In State v. Quigley, 26 R.I. 263, 58 Atl. 905, it is stated in the course of the opinion:

“ . . . The English rule implies that the question of guilt and the question of insanity raise two distinct issues, and that, while both may be involved in the final verdict, the burden of proof upon each issue lies upon different parties. The most complete and forcible statement of the argument in support of this rule which we have found is contained in the opinion of Judge Danforth in State v. Lawrence, 57 Me. 574, 581. The American rule, so called, holds that in a criminal case there is but one issue, and that the burden throughout is upon the prosecution to prove not only the criminal *67act, bat the capacity of the accused to commit it beyond a reasonable doubt.
“We think the first of these positions is the more logical. Sanity is not an ingredient of crime. It is a condition precedent of all intelligent aetion, as well benevolent as nefarious. It is a quality of the actor, not an element of the act. ■ It is incumbent upon the prosecution to show the commission of the act, and from this showing and its circumstances to sustain the inferences of malice and such emotions as the particular crime may include. But sanity is not one of these inferences. It is a pre-existing fact which may be taken for granted as implied by law and general experience . . .
“It is argued that criminal intent, malice, and premeditation are facts to be proven by the prosecutor; that these cannot exist in an insane mind; hence sanity must be proved by the prosecutor. But these are facts of mental condition and action, and they can only be proved by inference from material facts, circumstances, and acts. It is incumbent, therefore, upon the prosecution to prove such material facts, circumstances, and acts as would compel the inference of guilt in a sane person, and this is the limit of his burden.
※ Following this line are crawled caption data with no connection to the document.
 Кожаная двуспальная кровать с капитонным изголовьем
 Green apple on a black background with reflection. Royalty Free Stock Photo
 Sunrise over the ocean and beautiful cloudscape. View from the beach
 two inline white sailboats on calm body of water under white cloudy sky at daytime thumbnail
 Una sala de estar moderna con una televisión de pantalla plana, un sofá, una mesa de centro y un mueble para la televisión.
In murder the prosecution must establish the act, and, either by inference or additional evidence, malice and premeditation. If these ingredients of the crime cannot exist without sanity, sanity is presumed. All the ingredients of the crime must be proved, and as to these we agree the burden never shifts; but as to sanity it never attaches to the prosecutor. The plea of not guilty by itself does not put the sanity of the accused in issue. He must raise the question otherwise, as all agree, if. not by special plea at least by introducing evidence, and this is confession and avoidance.”
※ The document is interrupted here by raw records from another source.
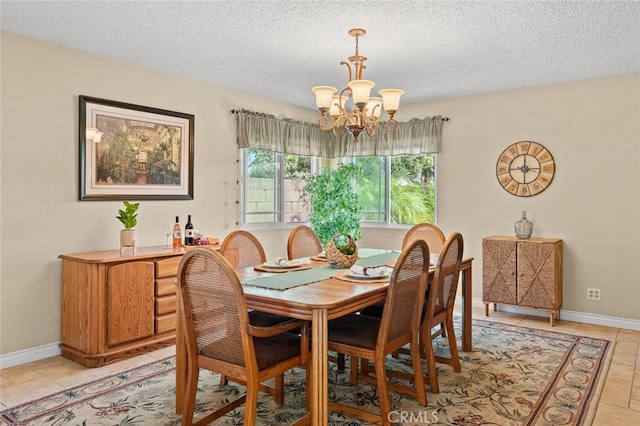 20140 Bouma Ct, Cerritos, CA 90703 - dining room with a chandelier, a textured ceiling, baseboards, and light tile patterned floors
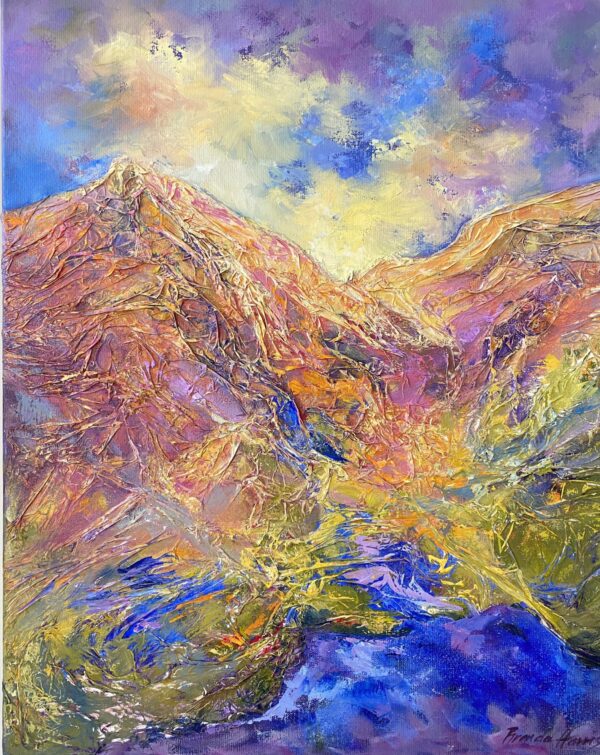 Mountain landscape with rugged peaks in shades of purple, beige, and blue under a partly cloudy sky.
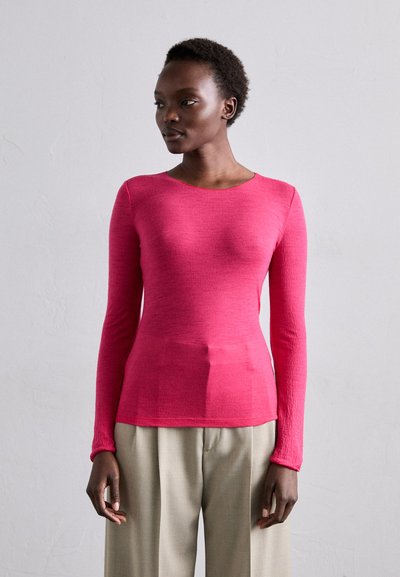 Maglietta a maniche lunghe di un brillante colore rosa, con scollatura rotonda, realizzata in tessuto testurizzato, abbinata a pantaloni beige a gamba larga.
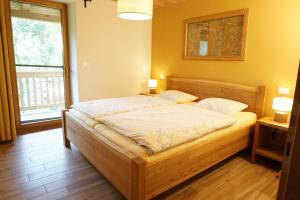 um quarto com uma cama num quarto com uma janela em ecoHouse FURLAN - Apartment PINJA em Kobarid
For additional definitions of the phrase “preponderance of evidence,” see 33 Words & Phrases, perm, ed., pp. 389, 392 et seq.
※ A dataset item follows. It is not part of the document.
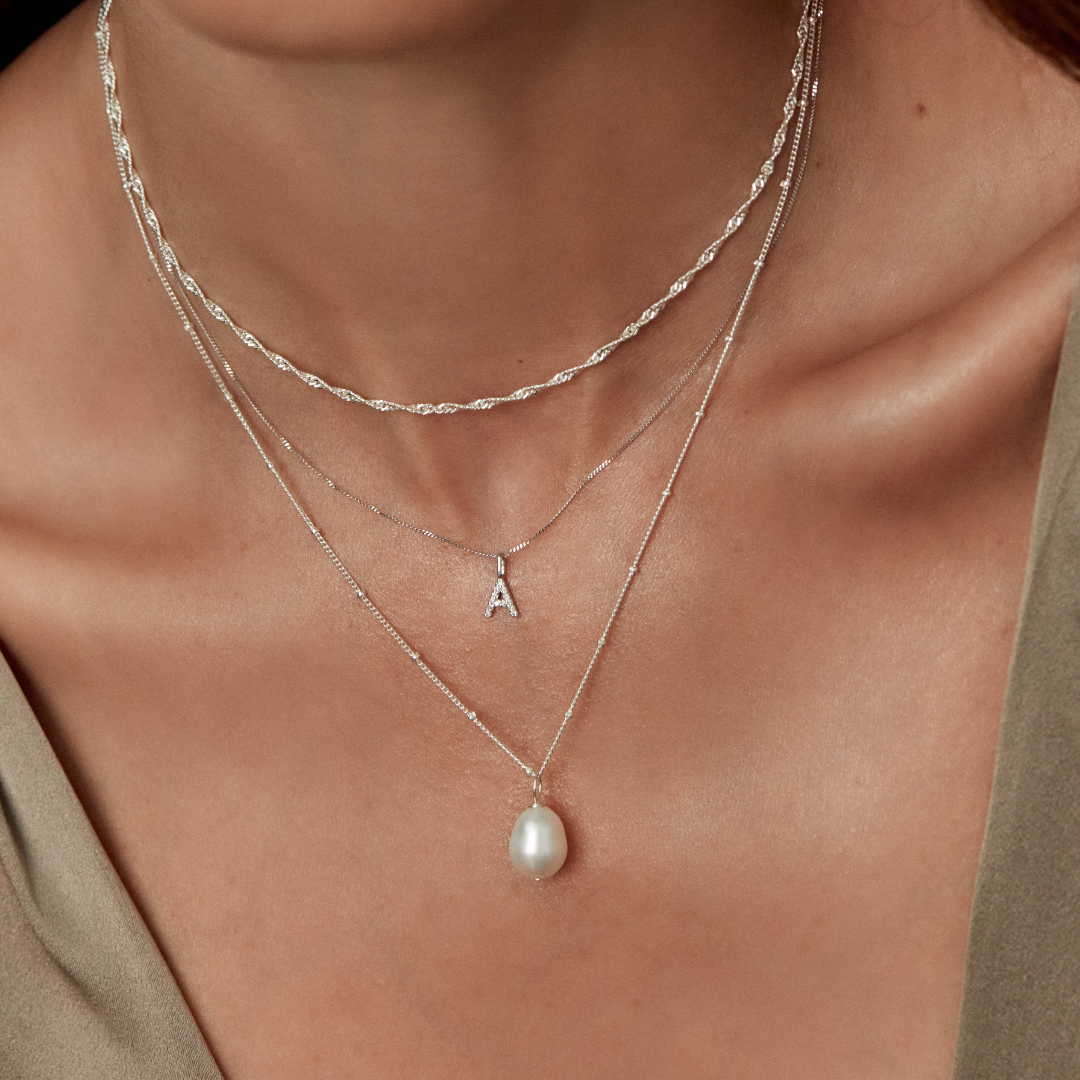 Silver twisted rope chain necklace around a neck layered with a silver satellite pearl necklace and a silver initial charm necklace 'A'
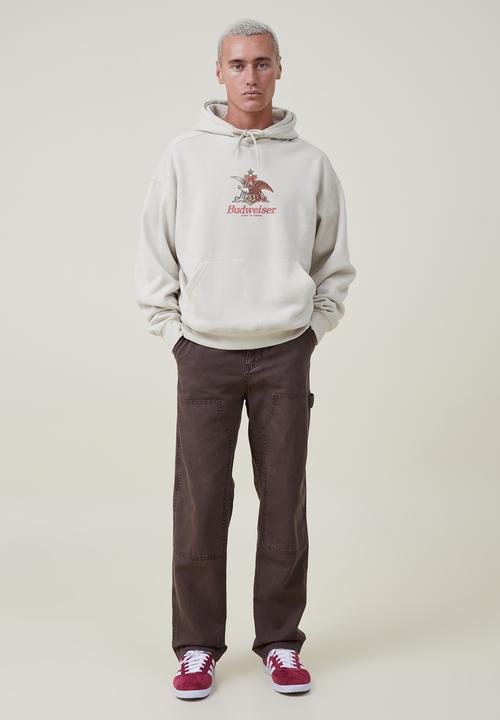 Cotton On - Budweiser oversized fleece hoodie - lcn bud ivory/a & eagle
Section 12 of the Penal Code, 83 L.P.R.A. § 33, provides in part that “all persons are of sound mind who are neither idiots, nor lunatics nor affected with insanity.”

In People v. Chamberlain, 60 P. 2d 299, 300, the Supreme Court of California stated as follows:

“No witness testified that the defendant was sane when he committed the crime. The prosecution rested without introducing any testimony to rebut the case of defendant on the issue of sanity. It relied entirely on the presumption of law that all men are presumed *70to be sane, and the evidence, if any, indicating the sanity of defendant, adduced on cross-examination from witnesses called by the-defense, including the defendant who testified in his own behalf.
“ . . . that a presumption is evidence and may in certain cases, outweigh positive evidence adduced against it has long been the settled law of this state.”

The case of Quiñones v. Quiñones, 42 P.R.R. 297, 302, should, in my judgment, be expressly overruled insofar as it may be interpreted! as holding otherwise on the question of presumptions.

Appellant also maintains that the trial court “erred in instructing-the jury that there must exist a lack of knowledge that an act is wrong in a moral sense . . .” In my opinion, he is not in the right. Moral insanity -does not excuse commission of crime. People v. Gilbert, supra. People v. McCarthy, 46 Pac. 1073.

Ii the specific exceptions to the instructions had been taken, and if the defendant had given the court an opportunity to make amends, the presumption is that the erroneous instruction last mentioned would have been clarified and corrected. Cf. Asgill v. United States, 60 F. 2d 776, 780; United States v. Vasilaky, 168 F. 2d 191.

See, also, Fisher v. United States, 328 U. S. 463, 90 L. Ed. 1382, 1386.